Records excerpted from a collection
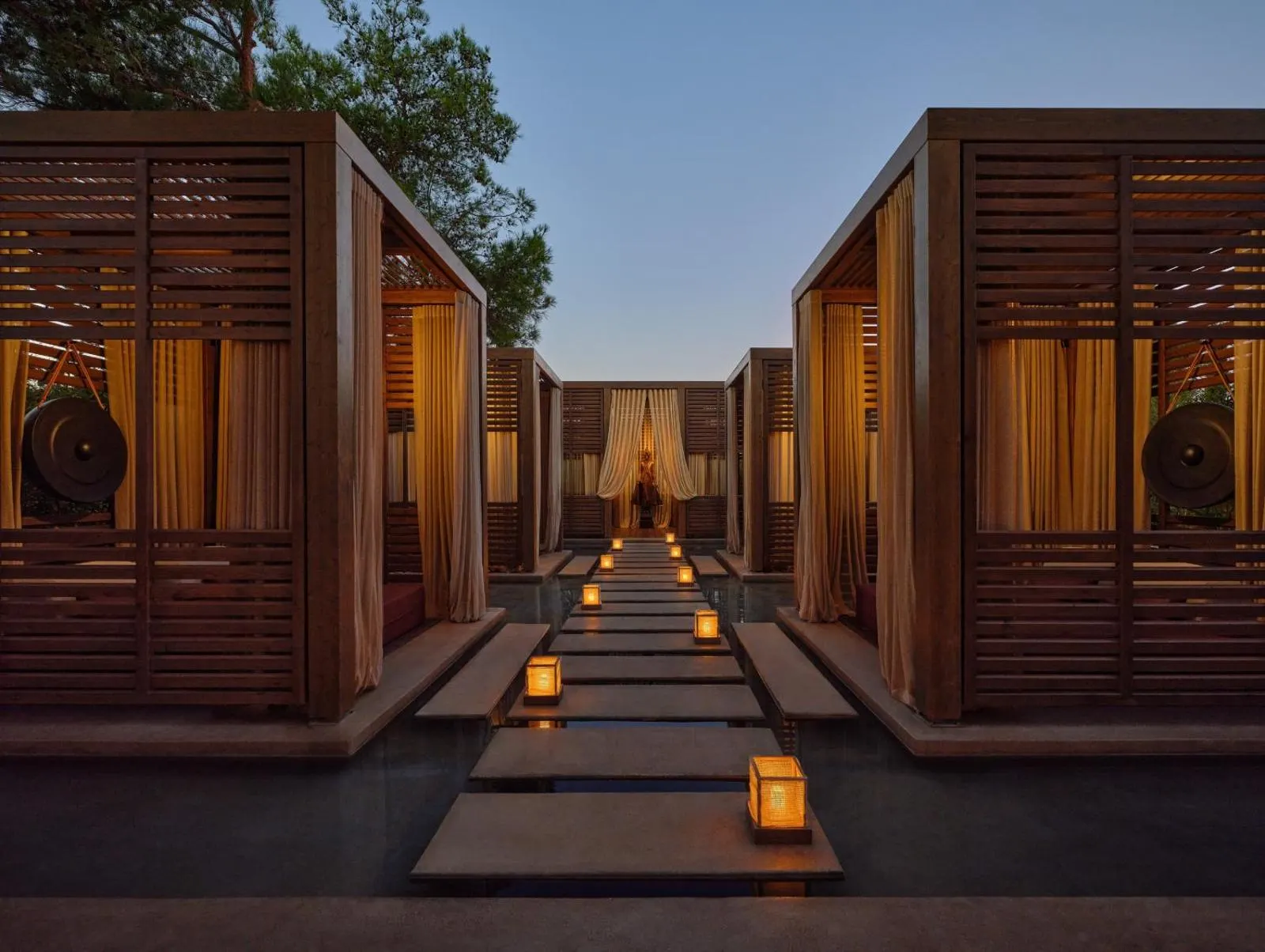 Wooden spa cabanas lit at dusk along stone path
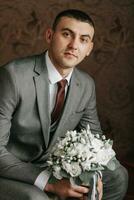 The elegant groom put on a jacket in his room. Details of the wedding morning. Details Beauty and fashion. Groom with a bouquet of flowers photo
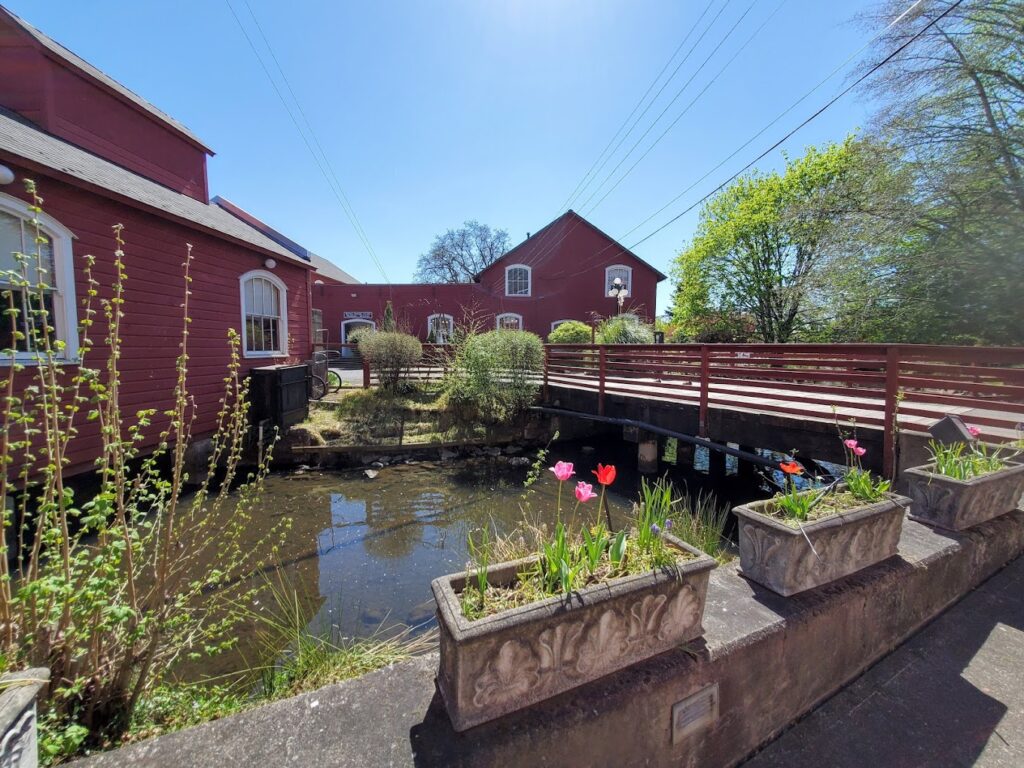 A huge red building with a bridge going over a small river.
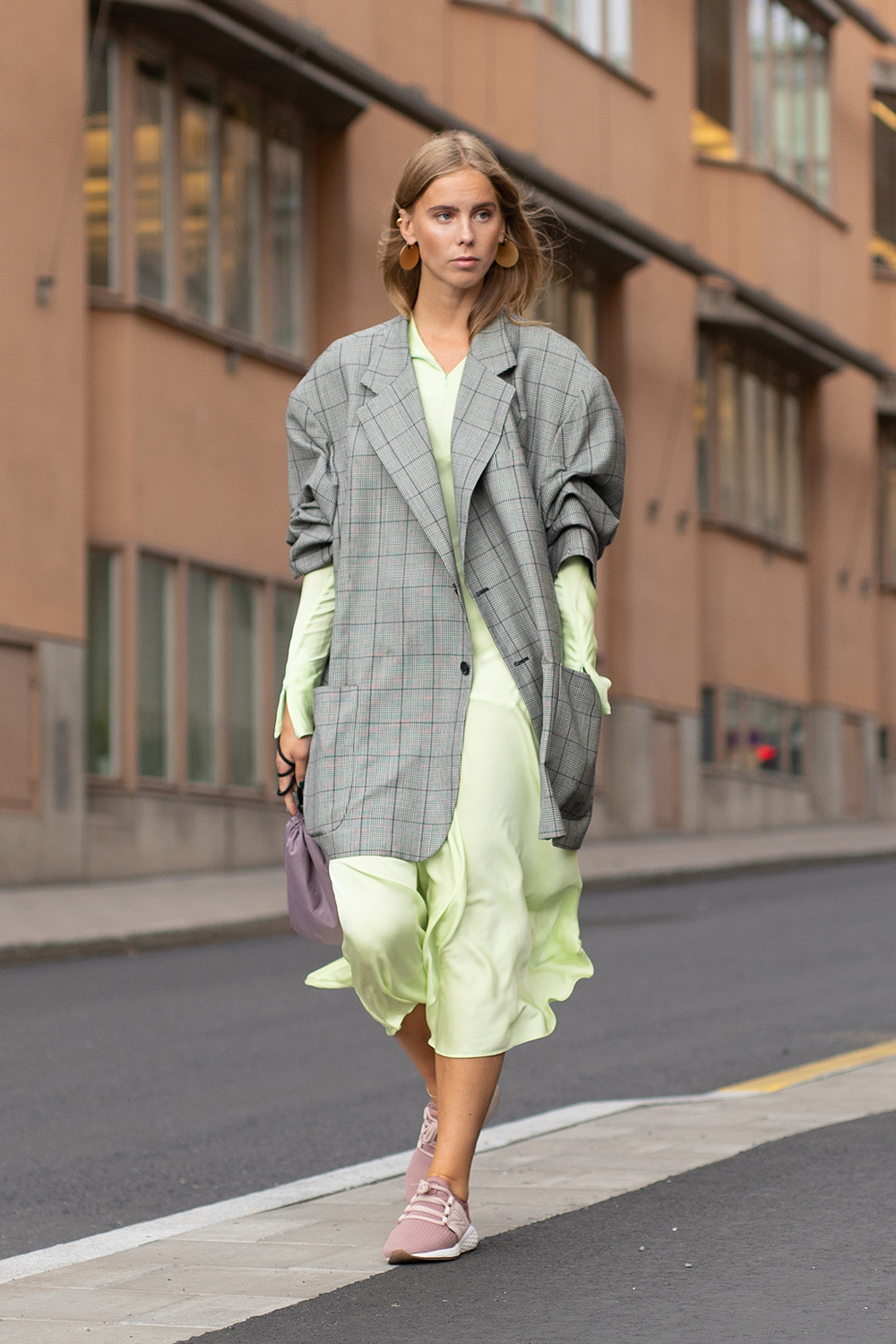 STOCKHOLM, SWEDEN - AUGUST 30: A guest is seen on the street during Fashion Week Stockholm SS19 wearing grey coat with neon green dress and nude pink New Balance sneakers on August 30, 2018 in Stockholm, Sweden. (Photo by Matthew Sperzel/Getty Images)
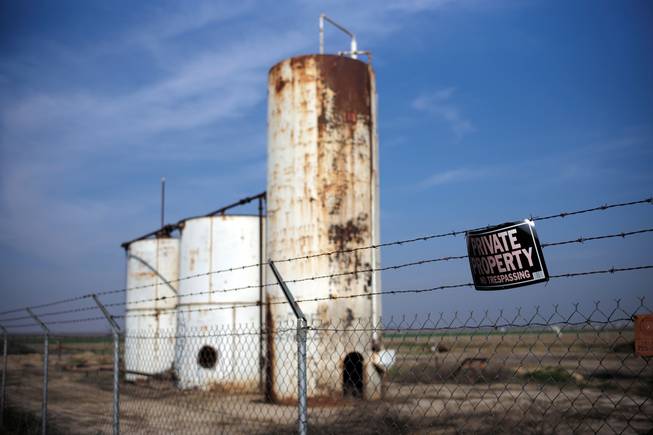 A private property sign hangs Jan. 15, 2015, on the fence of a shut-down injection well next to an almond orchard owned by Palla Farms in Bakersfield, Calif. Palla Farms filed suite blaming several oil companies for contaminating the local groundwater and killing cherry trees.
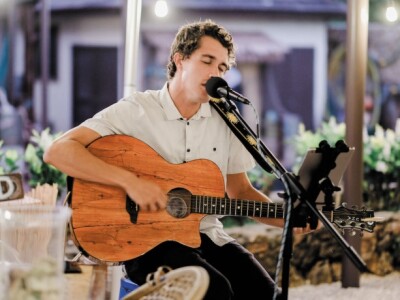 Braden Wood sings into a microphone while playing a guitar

Exercise aim: Copy word for word each line of the data above, from the first through the one containing "STOCKHOLM, SWEDEN - AUGUST", and include no pictures.

Reply:
 Wooden spa cabanas lit at dusk along stone path
 The elegant groom put on a jacket in his room. Details of the wedding morning. Details Beauty and fashion. Groom with a bouquet of flowers photo
 A huge red building with a bridge going over a small river.
 STOCKHOLM, SWEDEN - AUGUST 30: A guest is seen on the street during Fashion Week Stockholm SS19 wearing grey coat with neon green dress and nude pink New Balance sneakers on August 30, 2018 in Stockholm, Sweden. (Photo by Matthew Sperzel/Getty Images)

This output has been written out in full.